▶ **Activity**
Only a verbatim restatement of the lines from the one with "DOMESTIC STARKIN APPLES~500gr" through the end of the listing below is wanted. Pictures should be left out.

▶ **Supplied information**

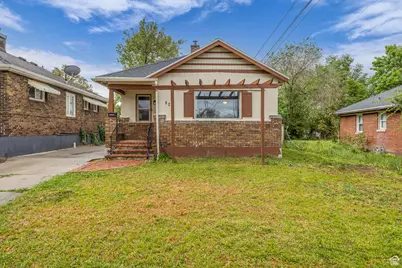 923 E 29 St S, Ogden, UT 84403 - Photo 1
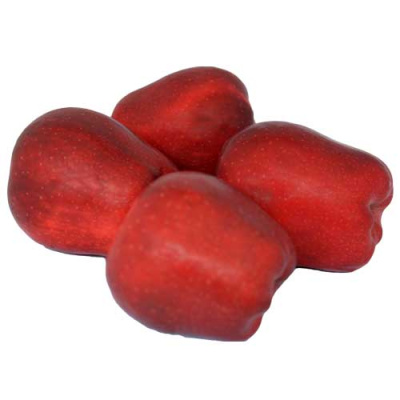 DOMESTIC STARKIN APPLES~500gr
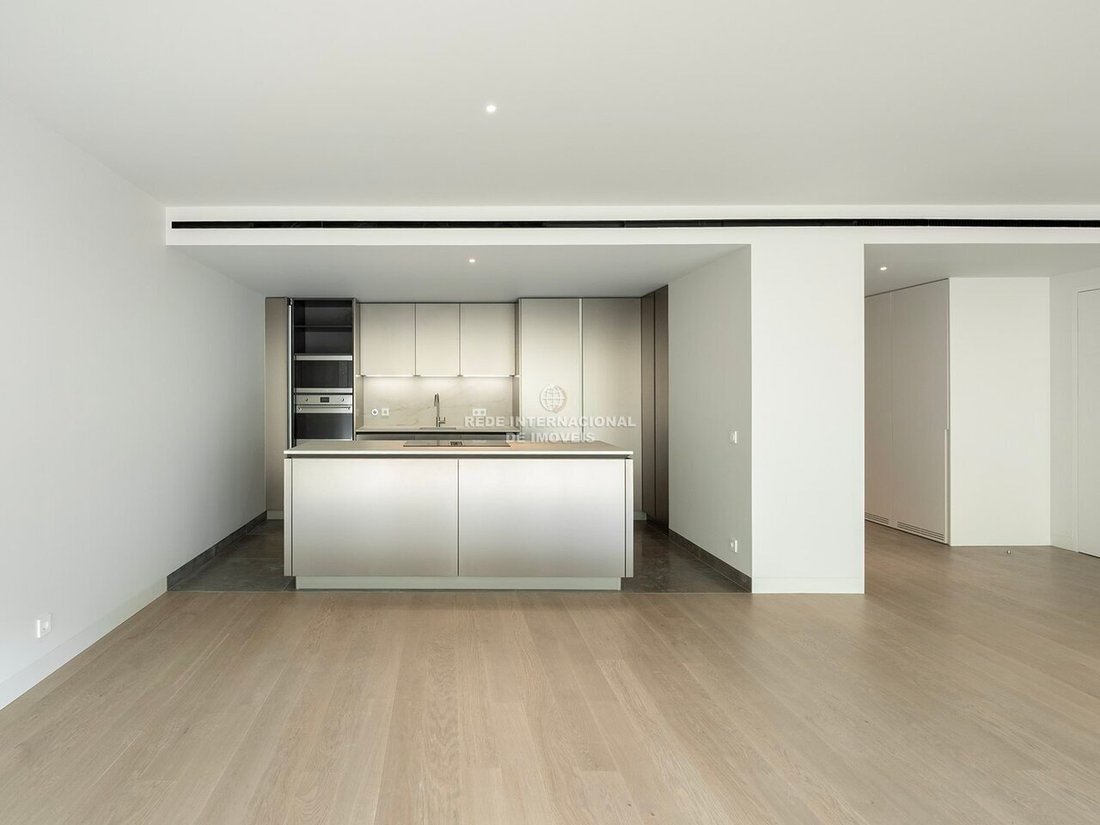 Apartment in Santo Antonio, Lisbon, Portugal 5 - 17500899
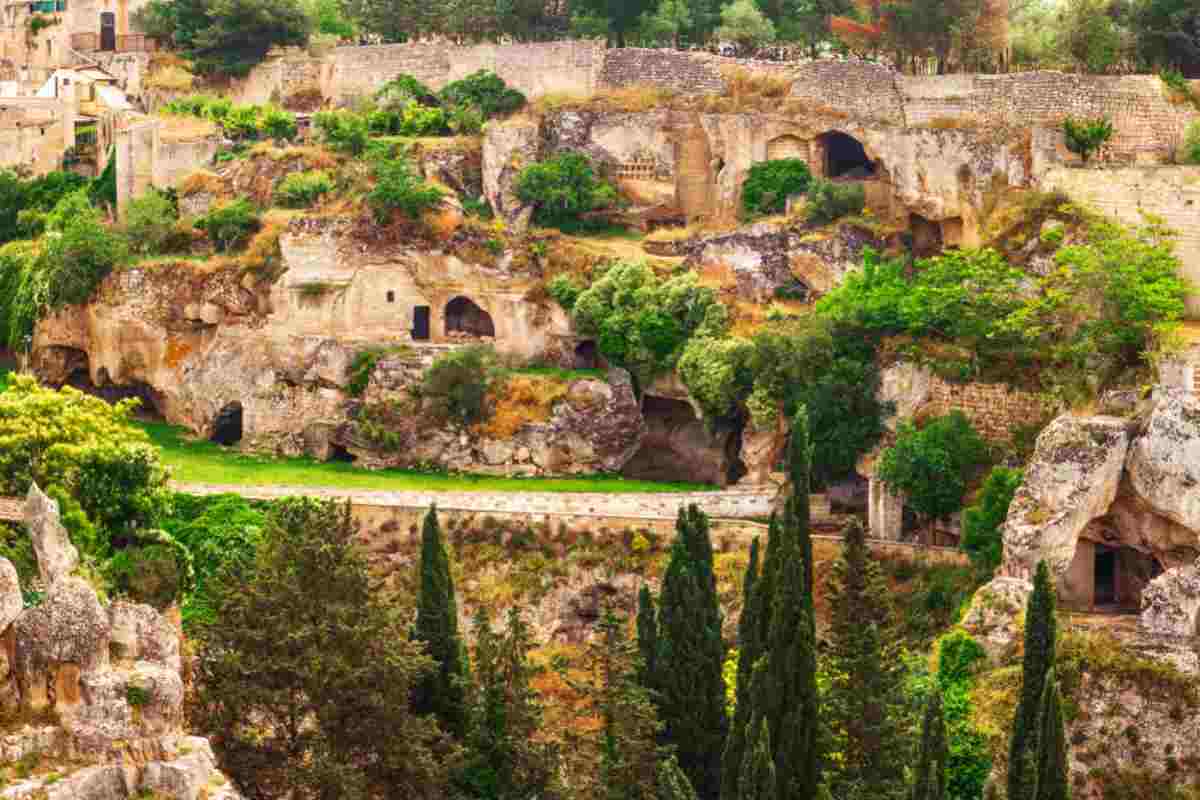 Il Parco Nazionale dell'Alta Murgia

▶ **Written response**
 DOMESTIC STARKIN APPLES~500gr
 Apartment in Santo Antonio, Lisbon, Portugal 5 - 17500899
 Il Parco Nazionale dell'Alta Murgia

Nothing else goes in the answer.